Problem 6 - IMO 1985 For every real number $x_1$ construct the sequence $x_1,x_2,x_3,\ldots$ by setting $x_{n+1}=x_n(x_n+\frac{1}{n})$ for each $n \ge 1$. Prove that there exists exactly one value of $x_1$ for which $0 < x_n < x_{n+1} < 1$ for every $n$.
 A: Assume that there is some $x_1$ such that $0<x_n<x_{n+1}<1$ then $\{x_n\}$ is monotonically increasing and bounded. Hence converges by monotone convergence theorem. 
Let $\lim\limits_{n\rightarrow \infty}{x_n}=l$, then obtain $l^2=l \Rightarrow l=0,1$, we can readily omit $0$ and hence $x_n\rightarrow 1$.

Proof for uniqueness of $x_1$.
Assume for the first term $x_1$ and $a_1$, the sequence $\{x_n\}$ and $\{a_n\}$ converges. Without loss of generality assume $x_1>a_1$(Recall that the definition states that all terms of the sequence are positive). Using induction we can prove that $x_n>a_n \quad\forall n\in \mathbb{N}$.
As $x_n$ and $a_n$ both converges to $1$, there exits an $N$ such that for all $n\ge N\implies \frac{3}{4}<a_n<x_n<1 $ (Take $\varepsilon=\frac{1}{4}$)
Observe that $$x_{n+1}-a_{n+1}=\left(x_n-a_n\right)\left(x_n+a_n\right)+\frac{1}{n}\left(x_n-a_n\right)>\frac{3}{2}(x_n-a_n)$$
Hence $$\begin{array}{rcl}\frac{x_{n+1}-a_{n+1}}{x_n-a_n}&>&\frac{3}{2}\implies\\
x_{n+1}-a_{n+1}&>&\left(\frac{3}{2}\right)^{n+1-N}\cdot(x_N-a_N) \\ \end{array}$$
The divergence of $x_n-a_n$ is clear. A contradiction.

To prove the existence, denote $f_{1}(x)=x$ and $f_{n+1}(x)=f_{n}(x)\left(f_{n}(x)+\frac{1}{n}\right)$. Using induction prove that $f_{n}(x)$ is a strictly increasing function in $x$. 
Let $b_n$, $c_n$ be such that $f_{n}(b_n)=1-\frac{1}{n}$ and $f_{n}(c_n)=1$, the existence and uniqueness of $b_n$, $c_n$ follows from monotonicity of $f_n$, the observations $f_{n}(0)=0$, $f_{n}(1)>1$ and the continuity of $f_{n}$. Also observe that $b_n<c_n$ and using induction that $b_n$ is strictly increasing and $c_n$ is strictly decreasing sequences.

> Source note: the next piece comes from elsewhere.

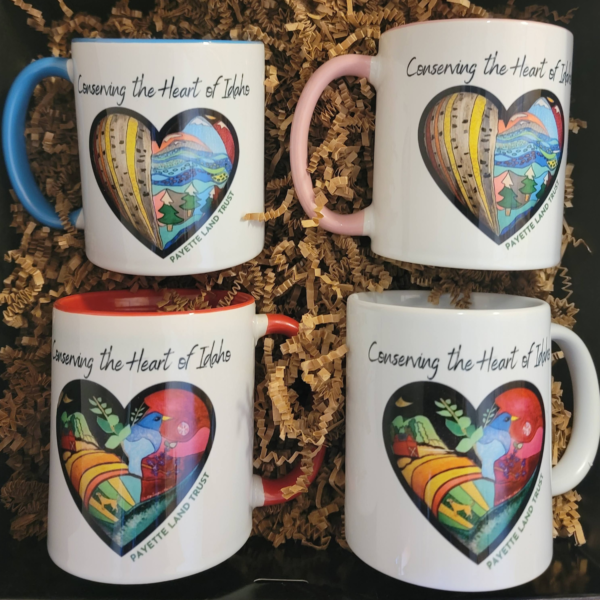 PLT BIG HEART mug (4 color options)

The set $A=\{b_n\}$ is bounded above. Hence by least upper bound property of $\mathbb{R}$ there exists a $\gamma =\sup \{b_n\}$. We shall show that $\gamma$ is indeed our $x_1$!

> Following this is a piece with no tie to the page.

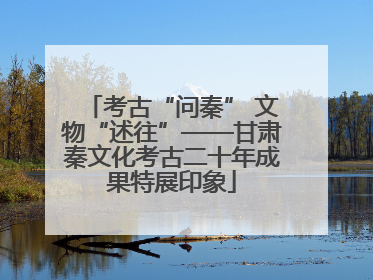考古“问秦” 文物“述往”——甘肃秦文化考古二十年成果特展印象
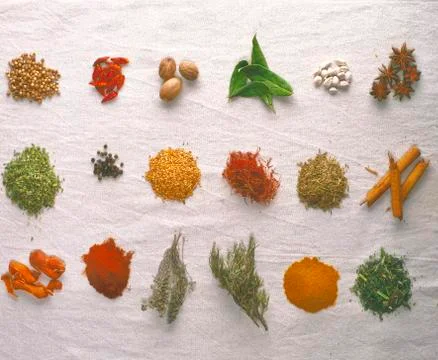 Beautiful composition with different aromatic spices on white background Foto stock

$$\color{blue}{f_{n+1}{(\gamma)}}=f_{n}(\gamma)\left(f_n{(\gamma)}+\frac{1}{n}\right)\color{blue}{>}f_{n}(\gamma)\left(f_{n}(b_n)+\frac{1}{n}\right)=\color{blue}{f_{n}(\gamma)>0}$$
$$\color{blue}{1}=f_{n}(c_{n})\color{blue}{>f_{n}(\gamma)} \quad \forall n $$ $$\implies 1>f_{n+1}{(\gamma)}>f_{n}(\gamma)>0 \qquad \square$$

Proofs of interest
$f_n(x)$ has non negative integer coefficients hence $f_n(x)$ is strictly increasing on $[0,1]$.

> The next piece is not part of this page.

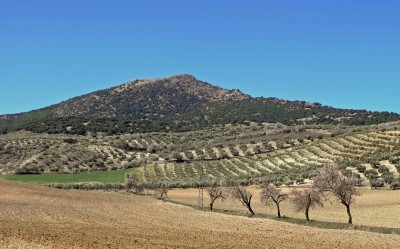 Alta Coloma (1696 m)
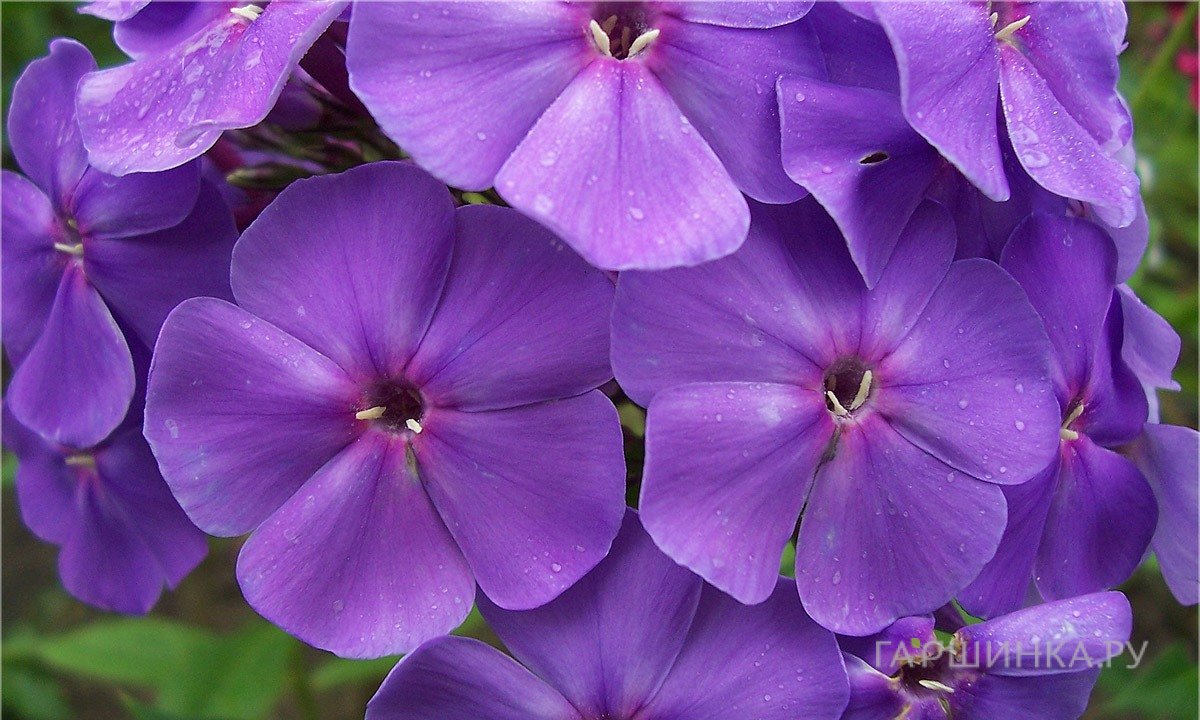 Флокс Синее море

Notice that $\color{blue}{f_{n+1}(b_n)}=f_{n}(b_n)\left(f_{n}(b_n)+\frac{1}{n}\right)=1-\frac{1}{n}\color{blue}{<}1-\frac{1}{n+1}=\color{blue}{f_{n+1}(b_{n+1})} \implies b_n< b_{n+1}$ or $b_n$ is a strictly increasing sequence.
Notice that $\color{blue}{f_{n+1}(c_n)}=f_{n}(c_n)\left(f_{n}(c_n)+\frac{1}{n}\right)=1+\frac{1}{n}\color{blue}{>}1=\color{blue}{f_{n+1}(c_{n+1})} \implies c_{n+1}<c_n$ or $c_n$ is a strictly decreasing sequence.
The fact that $b_n$ is bounded is clear as $b_n<c_1 \quad \forall n$.